Required action:
Your answer should be the full set of records, printed exactly as they stand.

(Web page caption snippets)
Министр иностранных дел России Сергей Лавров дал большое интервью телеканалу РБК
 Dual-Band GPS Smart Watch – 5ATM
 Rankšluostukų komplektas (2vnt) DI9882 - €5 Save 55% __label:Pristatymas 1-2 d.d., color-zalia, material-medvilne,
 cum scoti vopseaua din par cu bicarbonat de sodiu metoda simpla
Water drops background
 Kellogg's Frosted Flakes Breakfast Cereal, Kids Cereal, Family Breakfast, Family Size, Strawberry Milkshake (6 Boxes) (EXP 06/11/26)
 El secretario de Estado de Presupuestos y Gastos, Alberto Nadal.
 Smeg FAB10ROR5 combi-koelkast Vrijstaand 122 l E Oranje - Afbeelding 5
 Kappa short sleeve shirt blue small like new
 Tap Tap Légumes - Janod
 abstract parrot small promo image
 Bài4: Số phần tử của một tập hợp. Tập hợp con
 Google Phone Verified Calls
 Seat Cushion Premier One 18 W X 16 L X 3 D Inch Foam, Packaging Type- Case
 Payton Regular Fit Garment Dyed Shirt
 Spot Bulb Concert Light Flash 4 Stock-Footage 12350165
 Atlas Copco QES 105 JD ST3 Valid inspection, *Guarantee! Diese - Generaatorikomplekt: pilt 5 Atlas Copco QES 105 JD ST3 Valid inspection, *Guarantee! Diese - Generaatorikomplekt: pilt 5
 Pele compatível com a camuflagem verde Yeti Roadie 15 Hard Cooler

Your solution:
Министр иностранных дел России Сергей Лавров дал большое интервью телеканалу РБК
 Dual-Band GPS Smart Watch – 5ATM
 Rankšluostukų komplektas (2vnt) DI9882 - €5 Save 55% __label:Pristatymas 1-2 d.d., color-zalia, material-medvilne,
 cum scoti vopseaua din par cu bicarbonat de sodiu metoda simpla
Water drops background
 Kellogg's Frosted Flakes Breakfast Cereal, Kids Cereal, Family Breakfast, Family Size, Strawberry Milkshake (6 Boxes) (EXP 06/11/26)
 El secretario de Estado de Presupuestos y Gastos, Alberto Nadal.
 Smeg FAB10ROR5 combi-koelkast Vrijstaand 122 l E Oranje - Afbeelding 5
 Kappa short sleeve shirt blue small like new
 Tap Tap Légumes - Janod
 abstract parrot small promo image
 Bài4: Số phần tử của một tập hợp. Tập hợp con
 Google Phone Verified Calls
 Seat Cushion Premier One 18 W X 16 L X 3 D Inch Foam, Packaging Type- Case
 Payton Regular Fit Garment Dyed Shirt
 Spot Bulb Concert Light Flash 4 Stock-Footage 12350165
 Atlas Copco QES 105 JD ST3 Valid inspection, *Guarantee! Diese - Generaatorikomplekt: pilt 5 Atlas Copco QES 105 JD ST3 Valid inspection, *Guarantee! Diese - Generaatorikomplekt: pilt 5
 Pele compatível com a camuflagem verde Yeti Roadie 15 Hard Cooler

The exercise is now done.